Work to be completed
Every line below between the one holding "KUBAR SP 3, oprawa" and the one holding "Love Horse 3D", inclusive, should be copied exactly, and no other line.

########

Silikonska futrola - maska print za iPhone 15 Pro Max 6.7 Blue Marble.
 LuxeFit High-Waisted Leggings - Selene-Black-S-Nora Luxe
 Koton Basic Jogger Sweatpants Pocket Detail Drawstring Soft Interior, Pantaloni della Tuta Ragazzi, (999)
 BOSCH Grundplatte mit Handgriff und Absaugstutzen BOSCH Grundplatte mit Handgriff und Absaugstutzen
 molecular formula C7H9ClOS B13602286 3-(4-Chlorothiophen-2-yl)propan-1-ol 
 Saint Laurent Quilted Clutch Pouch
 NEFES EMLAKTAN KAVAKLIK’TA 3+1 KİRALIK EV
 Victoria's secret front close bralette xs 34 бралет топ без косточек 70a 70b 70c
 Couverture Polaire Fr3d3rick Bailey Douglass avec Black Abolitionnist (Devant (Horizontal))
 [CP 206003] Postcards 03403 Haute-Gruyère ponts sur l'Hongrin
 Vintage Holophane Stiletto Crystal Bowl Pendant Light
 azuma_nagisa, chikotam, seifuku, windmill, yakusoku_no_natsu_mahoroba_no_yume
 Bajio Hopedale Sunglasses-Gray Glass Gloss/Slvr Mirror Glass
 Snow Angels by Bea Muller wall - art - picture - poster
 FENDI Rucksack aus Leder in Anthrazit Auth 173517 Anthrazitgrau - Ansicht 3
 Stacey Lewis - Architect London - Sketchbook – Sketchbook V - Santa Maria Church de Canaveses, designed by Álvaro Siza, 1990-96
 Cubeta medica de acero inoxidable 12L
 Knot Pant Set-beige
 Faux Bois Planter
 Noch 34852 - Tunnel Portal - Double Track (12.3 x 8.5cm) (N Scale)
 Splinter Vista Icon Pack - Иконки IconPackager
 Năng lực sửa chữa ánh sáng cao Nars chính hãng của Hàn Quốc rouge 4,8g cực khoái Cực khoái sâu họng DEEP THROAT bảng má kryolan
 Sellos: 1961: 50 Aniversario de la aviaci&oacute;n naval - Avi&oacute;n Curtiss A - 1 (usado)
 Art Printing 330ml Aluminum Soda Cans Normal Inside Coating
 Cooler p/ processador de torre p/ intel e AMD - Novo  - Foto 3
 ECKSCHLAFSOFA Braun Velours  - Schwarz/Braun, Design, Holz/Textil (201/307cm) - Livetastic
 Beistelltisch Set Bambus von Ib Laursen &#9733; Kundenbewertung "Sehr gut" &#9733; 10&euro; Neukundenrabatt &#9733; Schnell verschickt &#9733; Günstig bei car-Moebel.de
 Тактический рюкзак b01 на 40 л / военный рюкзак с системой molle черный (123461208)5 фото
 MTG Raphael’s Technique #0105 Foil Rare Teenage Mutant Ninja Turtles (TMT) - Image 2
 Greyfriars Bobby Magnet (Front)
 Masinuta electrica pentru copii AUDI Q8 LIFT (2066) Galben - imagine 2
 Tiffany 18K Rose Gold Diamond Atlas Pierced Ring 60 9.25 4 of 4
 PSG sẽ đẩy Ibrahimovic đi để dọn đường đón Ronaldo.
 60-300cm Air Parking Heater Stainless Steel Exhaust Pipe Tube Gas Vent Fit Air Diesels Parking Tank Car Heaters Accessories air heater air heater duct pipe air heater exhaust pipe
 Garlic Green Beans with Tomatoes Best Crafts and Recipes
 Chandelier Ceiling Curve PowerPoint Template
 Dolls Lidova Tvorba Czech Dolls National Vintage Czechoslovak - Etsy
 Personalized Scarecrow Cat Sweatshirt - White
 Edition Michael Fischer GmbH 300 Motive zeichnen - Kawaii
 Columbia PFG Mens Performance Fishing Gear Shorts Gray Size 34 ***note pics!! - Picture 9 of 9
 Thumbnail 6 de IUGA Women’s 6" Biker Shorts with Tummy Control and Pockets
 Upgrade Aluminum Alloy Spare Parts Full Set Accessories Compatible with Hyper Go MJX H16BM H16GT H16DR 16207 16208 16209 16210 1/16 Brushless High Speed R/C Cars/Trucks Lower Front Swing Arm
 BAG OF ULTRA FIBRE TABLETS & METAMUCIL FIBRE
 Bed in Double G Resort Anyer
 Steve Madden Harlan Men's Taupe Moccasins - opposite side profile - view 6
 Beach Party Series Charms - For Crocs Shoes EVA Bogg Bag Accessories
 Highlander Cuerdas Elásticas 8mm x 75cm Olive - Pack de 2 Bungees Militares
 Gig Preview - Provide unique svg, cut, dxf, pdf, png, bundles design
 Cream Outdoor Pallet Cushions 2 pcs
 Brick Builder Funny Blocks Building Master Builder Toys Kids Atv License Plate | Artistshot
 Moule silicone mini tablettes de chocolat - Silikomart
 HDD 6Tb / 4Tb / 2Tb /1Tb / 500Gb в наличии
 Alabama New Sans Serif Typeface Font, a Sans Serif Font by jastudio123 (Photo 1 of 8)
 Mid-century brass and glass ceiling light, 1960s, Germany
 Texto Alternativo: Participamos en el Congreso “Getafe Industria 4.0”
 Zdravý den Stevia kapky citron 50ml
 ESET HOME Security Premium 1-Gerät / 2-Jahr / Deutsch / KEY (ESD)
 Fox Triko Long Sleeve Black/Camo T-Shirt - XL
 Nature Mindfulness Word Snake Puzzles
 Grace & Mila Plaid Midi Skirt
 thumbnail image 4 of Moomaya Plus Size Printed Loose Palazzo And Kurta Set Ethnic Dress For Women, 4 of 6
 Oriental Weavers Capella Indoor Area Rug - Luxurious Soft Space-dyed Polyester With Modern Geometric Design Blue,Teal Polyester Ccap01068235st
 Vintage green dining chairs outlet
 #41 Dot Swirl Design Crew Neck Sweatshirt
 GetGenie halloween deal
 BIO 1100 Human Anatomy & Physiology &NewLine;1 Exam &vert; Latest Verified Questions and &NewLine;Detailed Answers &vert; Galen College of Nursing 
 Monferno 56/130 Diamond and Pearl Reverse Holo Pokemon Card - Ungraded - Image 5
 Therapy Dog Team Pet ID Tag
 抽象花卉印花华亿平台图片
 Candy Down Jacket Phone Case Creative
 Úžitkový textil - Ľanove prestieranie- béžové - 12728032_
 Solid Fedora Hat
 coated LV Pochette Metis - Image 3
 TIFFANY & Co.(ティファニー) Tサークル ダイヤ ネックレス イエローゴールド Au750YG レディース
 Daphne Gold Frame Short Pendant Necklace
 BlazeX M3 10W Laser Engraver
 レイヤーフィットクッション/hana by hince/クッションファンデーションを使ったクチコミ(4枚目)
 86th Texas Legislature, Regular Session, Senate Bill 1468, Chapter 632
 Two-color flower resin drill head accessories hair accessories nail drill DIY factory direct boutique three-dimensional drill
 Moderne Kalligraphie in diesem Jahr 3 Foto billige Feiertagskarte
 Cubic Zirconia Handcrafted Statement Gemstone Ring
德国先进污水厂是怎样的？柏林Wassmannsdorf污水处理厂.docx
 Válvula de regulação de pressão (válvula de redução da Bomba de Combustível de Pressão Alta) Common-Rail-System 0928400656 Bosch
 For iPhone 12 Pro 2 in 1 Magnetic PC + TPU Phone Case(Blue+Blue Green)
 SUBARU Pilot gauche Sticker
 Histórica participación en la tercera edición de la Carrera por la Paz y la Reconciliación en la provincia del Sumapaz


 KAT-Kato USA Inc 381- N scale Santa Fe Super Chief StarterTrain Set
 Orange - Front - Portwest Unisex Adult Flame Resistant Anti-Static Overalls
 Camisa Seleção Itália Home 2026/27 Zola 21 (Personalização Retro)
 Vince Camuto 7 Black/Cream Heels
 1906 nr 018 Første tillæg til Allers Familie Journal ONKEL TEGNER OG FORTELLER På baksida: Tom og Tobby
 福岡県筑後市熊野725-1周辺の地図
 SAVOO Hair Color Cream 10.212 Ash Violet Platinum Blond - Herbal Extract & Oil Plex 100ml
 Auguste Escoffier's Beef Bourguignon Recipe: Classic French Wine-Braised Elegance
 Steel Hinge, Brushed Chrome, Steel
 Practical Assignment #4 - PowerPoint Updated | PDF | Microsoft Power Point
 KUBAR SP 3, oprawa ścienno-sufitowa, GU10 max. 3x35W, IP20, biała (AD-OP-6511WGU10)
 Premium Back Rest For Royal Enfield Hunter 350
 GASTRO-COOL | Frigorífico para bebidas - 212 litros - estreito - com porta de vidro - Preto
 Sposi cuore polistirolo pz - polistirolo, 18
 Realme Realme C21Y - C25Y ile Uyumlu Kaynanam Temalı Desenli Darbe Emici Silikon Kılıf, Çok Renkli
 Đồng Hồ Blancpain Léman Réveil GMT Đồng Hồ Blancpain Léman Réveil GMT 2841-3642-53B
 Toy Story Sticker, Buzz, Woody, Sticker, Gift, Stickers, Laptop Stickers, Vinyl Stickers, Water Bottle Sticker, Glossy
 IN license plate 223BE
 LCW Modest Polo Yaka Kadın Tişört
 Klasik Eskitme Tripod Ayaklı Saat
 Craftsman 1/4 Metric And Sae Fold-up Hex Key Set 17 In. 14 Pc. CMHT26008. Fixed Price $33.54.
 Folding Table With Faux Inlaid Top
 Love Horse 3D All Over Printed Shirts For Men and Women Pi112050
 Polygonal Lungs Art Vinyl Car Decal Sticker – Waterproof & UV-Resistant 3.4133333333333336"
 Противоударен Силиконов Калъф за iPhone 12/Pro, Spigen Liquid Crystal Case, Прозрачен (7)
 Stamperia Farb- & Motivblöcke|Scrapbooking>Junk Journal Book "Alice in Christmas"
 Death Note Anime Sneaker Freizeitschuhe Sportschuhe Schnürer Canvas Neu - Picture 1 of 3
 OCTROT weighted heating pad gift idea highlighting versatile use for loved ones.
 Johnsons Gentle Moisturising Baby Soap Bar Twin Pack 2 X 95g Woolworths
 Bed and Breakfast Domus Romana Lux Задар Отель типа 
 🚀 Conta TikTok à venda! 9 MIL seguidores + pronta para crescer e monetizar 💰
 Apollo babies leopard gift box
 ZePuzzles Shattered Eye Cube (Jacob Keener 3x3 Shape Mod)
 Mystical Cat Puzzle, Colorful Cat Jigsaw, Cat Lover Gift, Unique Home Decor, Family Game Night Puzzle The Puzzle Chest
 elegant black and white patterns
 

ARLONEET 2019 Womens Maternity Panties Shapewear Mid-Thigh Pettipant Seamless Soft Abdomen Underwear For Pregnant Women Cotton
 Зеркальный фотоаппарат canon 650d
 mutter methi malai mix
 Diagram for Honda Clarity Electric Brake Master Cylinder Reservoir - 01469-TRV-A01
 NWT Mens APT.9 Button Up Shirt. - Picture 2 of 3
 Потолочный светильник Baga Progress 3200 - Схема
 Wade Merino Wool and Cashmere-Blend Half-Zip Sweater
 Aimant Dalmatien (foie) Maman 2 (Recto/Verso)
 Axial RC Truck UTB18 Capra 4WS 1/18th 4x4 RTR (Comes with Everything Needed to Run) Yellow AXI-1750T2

########

Output for this task
 KUBAR SP 3, oprawa ścienno-sufitowa, GU10 max. 3x35W, IP20, biała (AD-OP-6511WGU10)
 Premium Back Rest For Royal Enfield Hunter 350
 GASTRO-COOL | Frigorífico para bebidas - 212 litros - estreito - com porta de vidro - Preto
 Sposi cuore polistirolo pz - polistirolo, 18
 Realme Realme C21Y - C25Y ile Uyumlu Kaynanam Temalı Desenli Darbe Emici Silikon Kılıf, Çok Renkli
 Đồng Hồ Blancpain Léman Réveil GMT Đồng Hồ Blancpain Léman Réveil GMT 2841-3642-53B
 Toy Story Sticker, Buzz, Woody, Sticker, Gift, Stickers, Laptop Stickers, Vinyl Stickers, Water Bottle Sticker, Glossy
 IN license plate 223BE
 LCW Modest Polo Yaka Kadın Tişört
 Klasik Eskitme Tripod Ayaklı Saat
 Craftsman 1/4 Metric And Sae Fold-up Hex Key Set 17 In. 14 Pc. CMHT26008. Fixed Price $33.54.
 Folding Table With Faux Inlaid Top
 Love Horse 3D All Over Printed Shirts For Men and Women Pi112050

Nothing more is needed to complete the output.